Acho que a gente depositou expectativa muito grande no Judiciário e parece também que ele quis assumir essa posição. A verdade ou a mentira não é objeto do Direito. Vira objeto quando se transforma em fraude. E, para isso, tem de ter dolo, intenção, vontade. E tem de ter dano, seja efetivo ou em potencial. Só a verdade ou a mentira não me parece que demanda decisão jurídica ou punição. Daí o quanto o Judiciário se envolve. O Judiciário, no Brasil, assumiu papel político crescente. E, nas eleições, esse papel é maior porque a Justiça Eleitoral não só julga como também administra as eleições. Por ela ter essa dupla função _ tanto de julgamento quanto de condução — cabe a ela papel ativo no sentido de divulgar as boas práticas para se evitar ambiente de desinformação, papel repressivo quando houver dano efetivo ou potencial ou dolo. Quanto ao Judiciário, extra Justiça Eleitoral, preocupo-me (com a situação) porque cria-se estigma de árbitro da verdade. Se houver algum árbitro, ele tem de ser da iniciativa da sociedade civil com o apoio da mídia em suas múltiplas faces. Não o Estado.
Uma iniciativa que promete ajudar no combate à desinformação na eleição 2018 é o Comprova. O projeto reúne jornalistas de 24 empresas de mídia no país e tem a participação de GaúchaZH. O objetivo é identificar e explicar rumores, conteúdo forjado e táticas de manipulação que possam influenciar a disputa. Conheça a iniciativa.
Então, o senhor não concorda com declarações recentes, inclusive do presidente do Tribunal Superior Eleitoral (TSE), ministro Luiz Fux, com relação à preocupação do Judiciário com fake news?
Quis fazer essa distinção porque a Justiça Eleitoral não é só "um Judiciário". No Brasil, a Justiça Eleitoral assume papel de executor do serviço público. Então, quando o presidente (do TSE, Luiz Fux) fala isso, se você o considerar como representante da atividade jurisdicional, está equivocado. Quando você o vê como chefe da administração pública eleitoral, está certo. Ele ocupa dupla função. Mas não me parece caber ao Judiciário a limpeza da internet. Só a Justiça Eleitoral, que é muito específica, tem o dever de dar execução as suas regras.
Qual vai ser o papel das redes sociais na campanha eleitoral?
Esta será a eleição mais conectada que as últimas, porém menos do que as próximas. A internet é crescente na política e nós, de alguma maneira, gostamos de fazer política na internet. A televisão e o rádio ainda têm muito espaço e, talvez, para as próximas eleições, que serão municipais, a internet faça muito mais diferença porque o pleito municipal praticamente não tem propaganda na televisão.

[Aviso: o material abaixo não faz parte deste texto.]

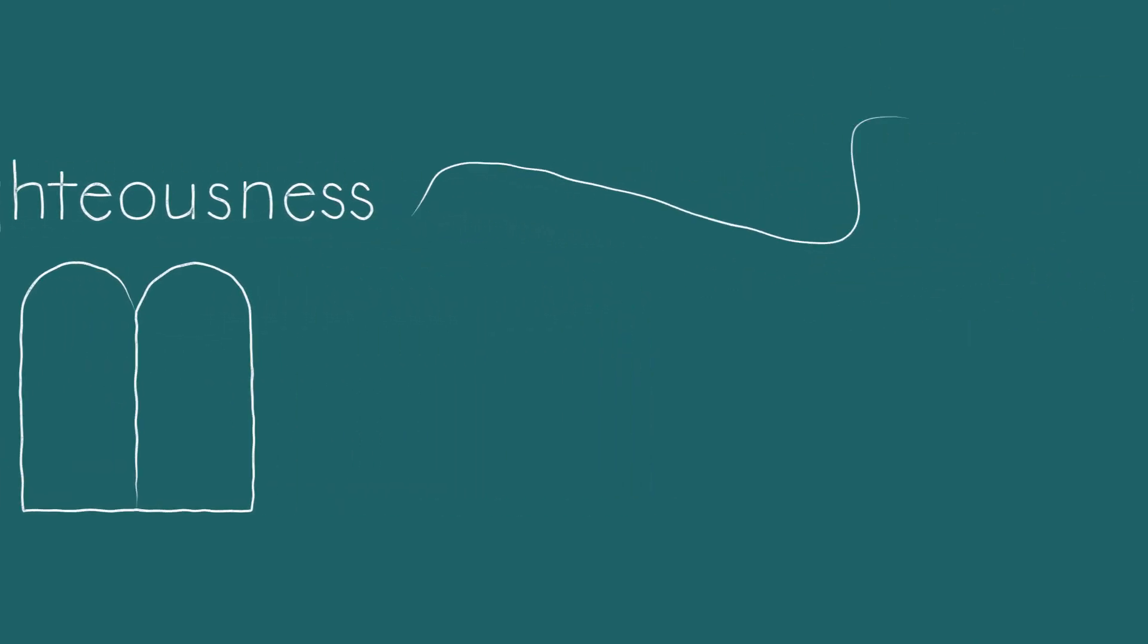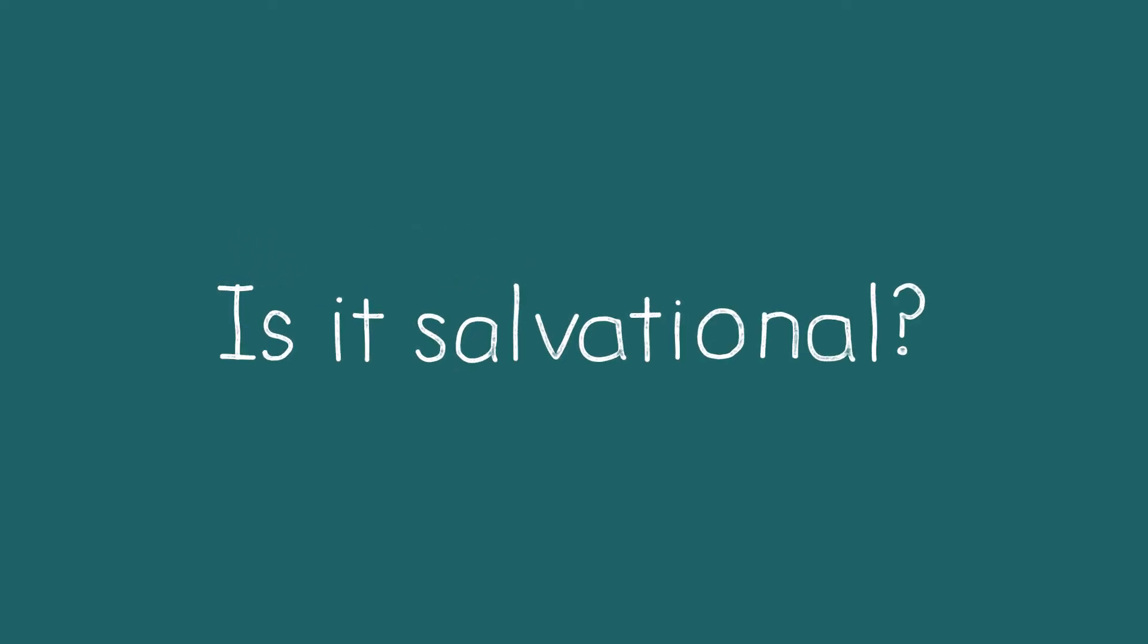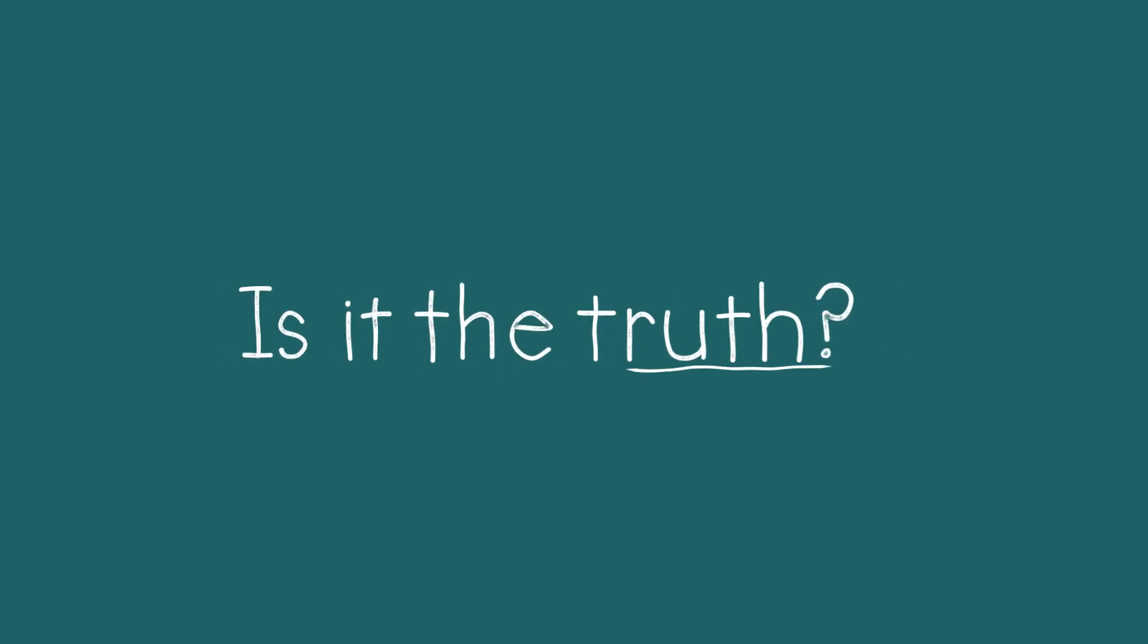So regardless of the topic, our question on this podcast will never be, is it salvational? But rather, is it the truth?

O que pensa sobre o termo fake news?
Esse é o motivo pelo qual a maioria dos estudiosos vem banindo a expressão fake news. A frase mais famosa de fake news é do presidente norte-americano, Donald Trump, qualificando uma pessoa como notícia falsa. A própria tradução é ruim porque a tradução para o português daria "notícia falsa" e, se é notícia, não pode ser falsa. É um paradoxo em si. Por isso, prefiro usar "notícias fraudulentas".
Como se preservar dessa onda de informações falsas sem se retirar das redes?
Sair da rede não é uma boa porque o combate à desinformação é a informação. E por mais que as redes possam trazer a desinformação, elas também trazem informação. Então, quanto mais informação, menos sujeitos à desinformação estaremos.
Em artigo, você afirma que somos mentirosos em maior ou menor medida e isso está no campo da ética, não do Direito. Esse traço é mais evidente no brasileiro?
Não é privilégio nosso (risos). No Brasil, mentira não gera necessariamente condenação. Não temos olhar jurídico para a mentira. Talvez, isso facilite porque as consequências podem ser menores no campo da punição, porém são maiores no campo da ética. Preocupo-me com o excesso de regulação no Direito. Toda vez que se define algo, restringe-se um direito. A regra deve ser a não regulação. Se formos regular tudo, inclusive a mentira e a verdade, a gente tem de rever inclusive a nossa conduta humana.